There is a nice paper for further reading - [Fast and Accurate Deep Network Learning by Exponential Linear Units (ELUs)](https://arxiv.org/abs/1511.07289)

![overfit](../Images/overfit.jpeg)

## Regularizations

### L2 regularization

The idea of L2 regularization is **to add an extra term to the loss function**, a term called the regularization term. Here $C_0$ is the original, unregularized loss function.

$$
C=C_{0}+\frac{\lambda}{2 n} \sum_{w} w^{2}
$$

Regularized qaudratic loss function:
$$
C=\frac{1}{2 n} \sum_{x}\left\|y-a^{L}\right\|^{2}+\frac{\lambda}{2 n} \sum_{w} w^{2}
$$

Regularized cross-entropy loss function:
$$C=-\frac{1}{n} \sum_{x j}\left[y_{j} \ln a_{j}^{L}+\left(1-y_{j}\right) \ln \left(1-a_{j}^{L}\right)\right]+\frac{\lambda}{2 n} \sum_{w} w^{2}$$

Intuitively, adding this term forces the network to prefer smaller weights. 

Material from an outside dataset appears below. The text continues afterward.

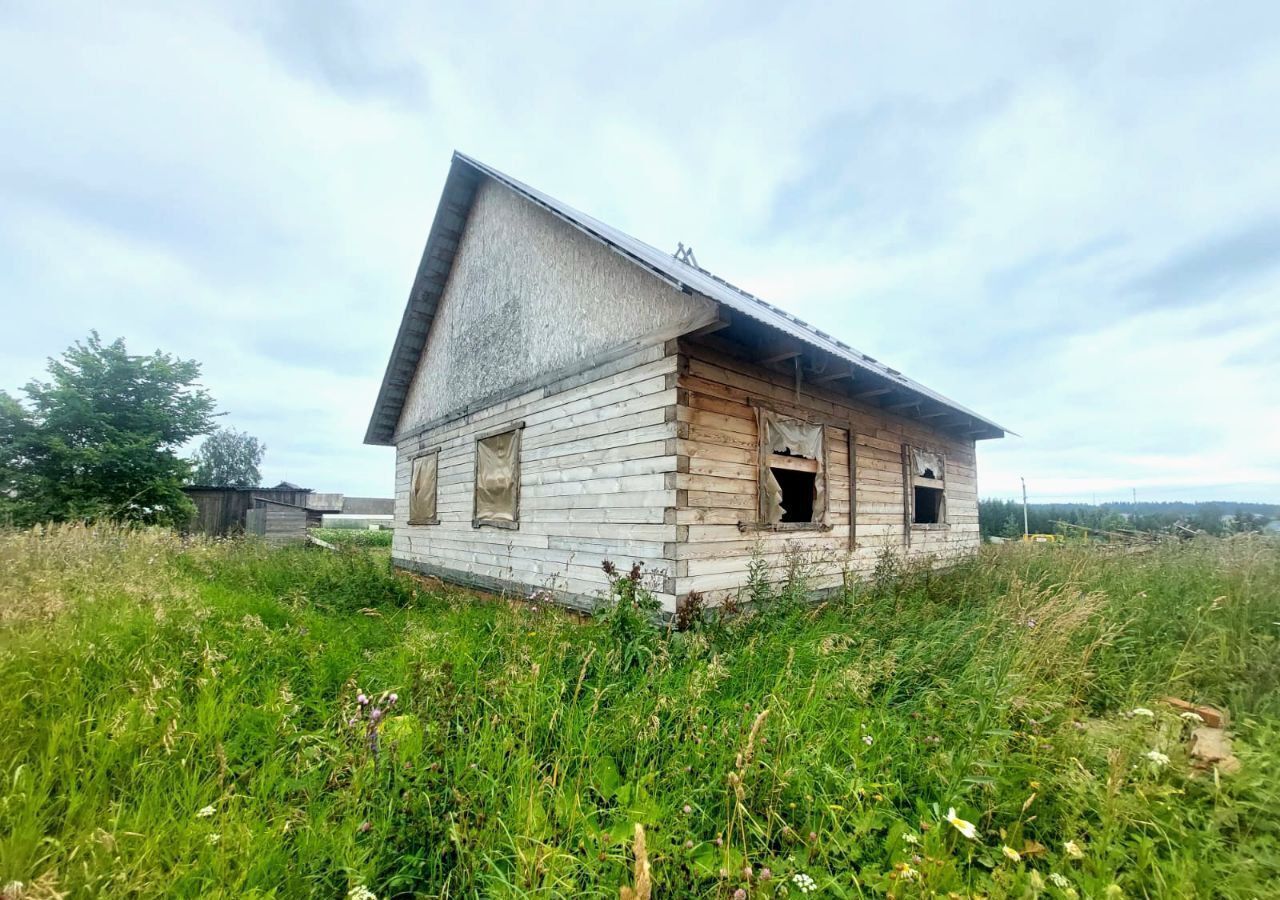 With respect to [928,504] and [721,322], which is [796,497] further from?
[721,322]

While using L2 regularization, the computation of the partial derivatives $\frac{\partial C}{\partial w}$ and $\frac{\partial C}{\partial b}$ doesn't change much.

$$
\frac{\partial C}{\partial w}=\frac{\partial C_{0}}{\partial w}+\frac{\lambda}{n} w \\
\frac{\partial C}{\partial b}=\frac{\partial C_{0}}{\partial b}
$$

For bias parameter the learning rule doesn't change

$$
b \rightarrow b-\eta \frac{\partial C_{0}}{\partial b}
$$

For weight parameters it adds a rescaling factor. This modification is usually called **weight decay**. 

$$
\begin{aligned}
w & \rightarrow w-\eta \frac{\partial C_{0}}{\partial w}-\frac{\eta \lambda}{n} w \\
&=\left(1-\frac{\eta \lambda}{n}\right) w-\eta \frac{\partial C_{0}}{\partial w}
\end{aligned}
$$

Let's rerwite these formulas for SGD (just adding a sum over training examples in the mini-batch).

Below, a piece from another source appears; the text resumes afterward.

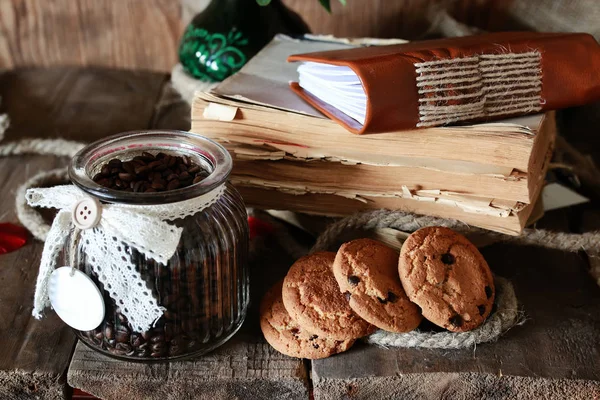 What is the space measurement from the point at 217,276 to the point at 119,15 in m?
0.96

$$b \rightarrow b-\frac{\eta}{m} \sum_{x} \frac{\partial C_{x}}{\partial b}$$

$$w \rightarrow\left(1-\frac{\eta \lambda}{n}\right) w-\frac{\eta}{m} \sum_{x} \frac{\partial C_{x}}{\partial w}$$


**Why regularization helps against overfitting?**

* Regularization insures the smallness of weights. In the case of small weights the behaviour of the network won't change too much if we change a few random inputs here and there. 
* That makes it difficult for a regularized network to learn the effects of local noise in the data. 
* It's an empirical fact that regularized neural networks usually generalize better than unregularized networks.


### L1 regularization

$$C=C_{0}+\frac{\lambda}{n} \sum_{w}|w|$$

Intuitively it's very much like the L2 regularization. 

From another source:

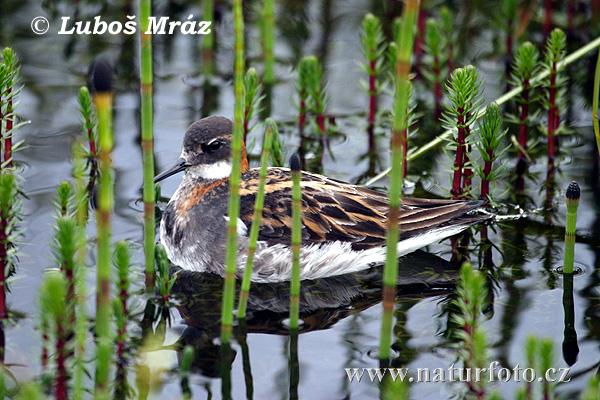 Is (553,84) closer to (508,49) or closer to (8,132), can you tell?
(508,49)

Let's look at the partial derivatives:

$$\frac{\partial C}{\partial w}=\frac{\partial C_{0}}{\partial w}+\frac{\lambda}{n} \operatorname{sgn}(w)$$

And the update rule:

$$w \rightarrow w^{\prime}=w-\frac{\eta \lambda}{n} \operatorname{sgn}(w)-\eta \frac{\partial C_{0}}{\partial w}$$

In both L1 and L2 regularization cases the effect of regularization is to shrink the weights.
What is the main difference? 

In L1 regularization, the weights shrink by a constant amount toward 0. In L2 regularization, the weights shrink by an amount which is proportional to $w$.



## Dropout

This regularization technique dramatically differs from L1 and L2.

The original paper for Dropout [Dropout: A Simple Way to Prevent Neural Networks fromOverfitting](https://www.cs.toronto.edu/~hinton/absps/JMLRdropout.pdf) was published in 2014. It brought major performance boosts. The paper is easily readabe so I highly recommend you to go through it.

The main idea behind dropout comes from combining models. Model combination almost always improves the performance of machine learning methods. But imagine how expensive it would be for deep neural networks. And not only the training phase! It would be impossible to use that kind of super-heavy models in real-life applications due to their slowness.

Dropout comes to rescue !

Here is a small illustration from the paper.
![dropot](../Images/dropout_nn.png)

> Dropout is a technique that addresses both these issues. It prevents overfitting and provides a way of approximately combining exponentially many different neural network architectures efficiently. The term "dropout" refers to dropping out units (hidden and visible) in a neural network. By dropping a unit out, we mean temporarily removing it from the network, along with all its incoming and outgoing connections, as shown in Figure $1 .$ The choice of which units to drop is random. In the simplest case, each unit is retained with
a fixed probability $p$ independent of other units, where $p$ can be chosen using a validation set or can simply be set at $0.5,$ which seems to be close to optimal for a wide range of networks and tasks. For the input units, however, the optimal probability of retention is usually closer to 1 than to 0.5.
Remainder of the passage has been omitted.